Short web captions
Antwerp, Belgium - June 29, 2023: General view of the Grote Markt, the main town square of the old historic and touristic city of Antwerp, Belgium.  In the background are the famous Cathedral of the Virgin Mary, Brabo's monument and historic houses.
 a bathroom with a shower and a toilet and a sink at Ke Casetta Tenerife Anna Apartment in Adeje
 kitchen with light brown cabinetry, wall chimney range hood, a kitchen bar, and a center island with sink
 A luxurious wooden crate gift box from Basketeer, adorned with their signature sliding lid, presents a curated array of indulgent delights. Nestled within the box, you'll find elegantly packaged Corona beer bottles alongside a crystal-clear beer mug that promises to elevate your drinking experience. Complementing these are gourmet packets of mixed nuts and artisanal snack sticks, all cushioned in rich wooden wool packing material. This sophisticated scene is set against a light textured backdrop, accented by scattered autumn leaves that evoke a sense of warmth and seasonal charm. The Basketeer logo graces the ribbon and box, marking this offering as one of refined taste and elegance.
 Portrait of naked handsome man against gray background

- **Aim of the exercise**
The expected response consists solely of the lines from the one with "A luxurious wooden" through the end of the records, repeated exactly.

- **Solution to the problem**
 A luxurious wooden crate gift box from Basketeer, adorned with their signature sliding lid, presents a curated array of indulgent delights. Nestled within the box, you'll find elegantly packaged Corona beer bottles alongside a crystal-clear beer mug that promises to elevate your drinking experience. Complementing these are gourmet packets of mixed nuts and artisanal snack sticks, all cushioned in rich wooden wool packing material. This sophisticated scene is set against a light textured backdrop, accented by scattered autumn leaves that evoke a sense of warmth and seasonal charm. The Basketeer logo graces the ribbon and box, marking this offering as one of refined taste and elegance.
 Portrait of naked handsome man against gray background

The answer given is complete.